Exercise data –
%%

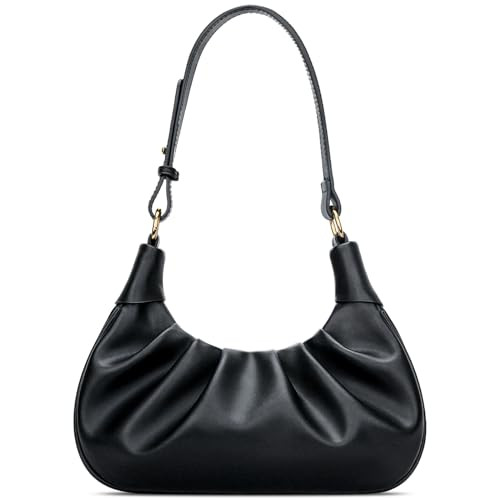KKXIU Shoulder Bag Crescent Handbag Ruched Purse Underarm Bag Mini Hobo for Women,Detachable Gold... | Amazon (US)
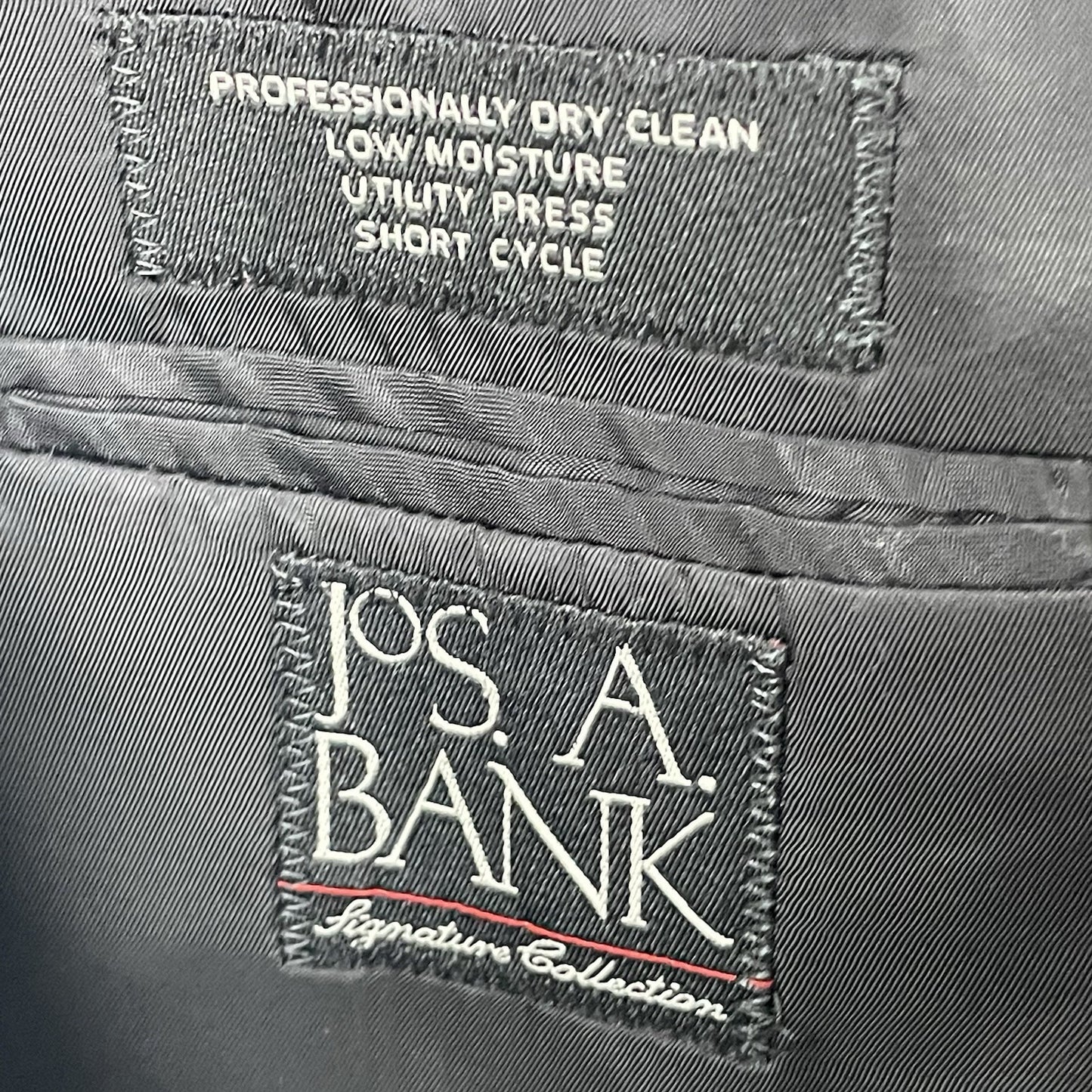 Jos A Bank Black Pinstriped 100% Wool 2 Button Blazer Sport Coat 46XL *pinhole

%%
%%

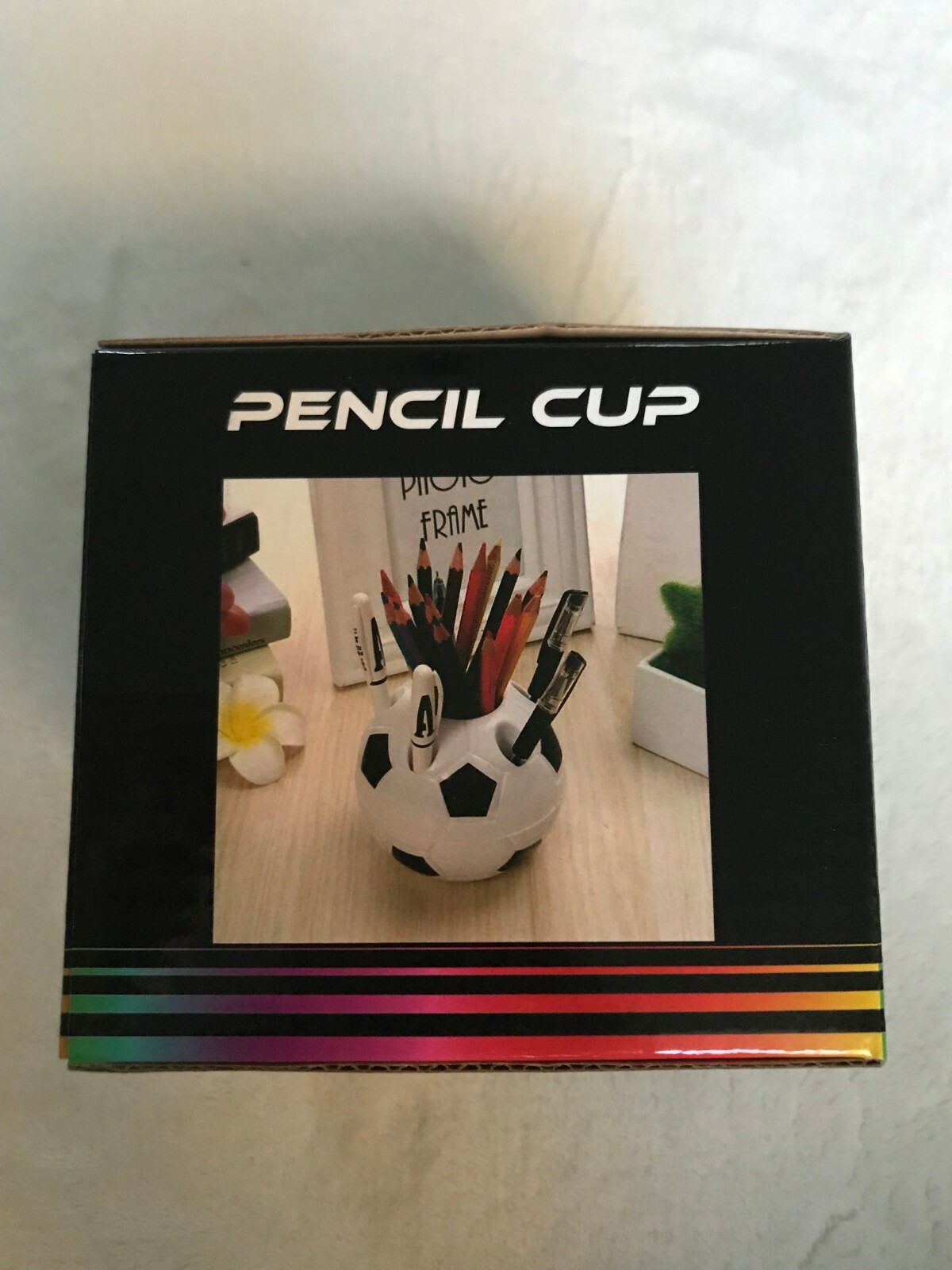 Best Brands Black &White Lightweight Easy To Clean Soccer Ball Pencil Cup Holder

%%

Exercise directions –
Copy exactly the material above from the line with "KKXIU Shoulder Bag" to the line with "Jos A Bank Black", ends included, and nothing else. Leave out any picture.

The answer –
KKXIU Shoulder Bag Crescent Handbag Ruched Purse Underarm Bag Mini Hobo for Women,Detachable Gold... | Amazon (US)
 Jos A Bank Black Pinstriped 100% Wool 2 Button Blazer Sport Coat 46XL *pinhole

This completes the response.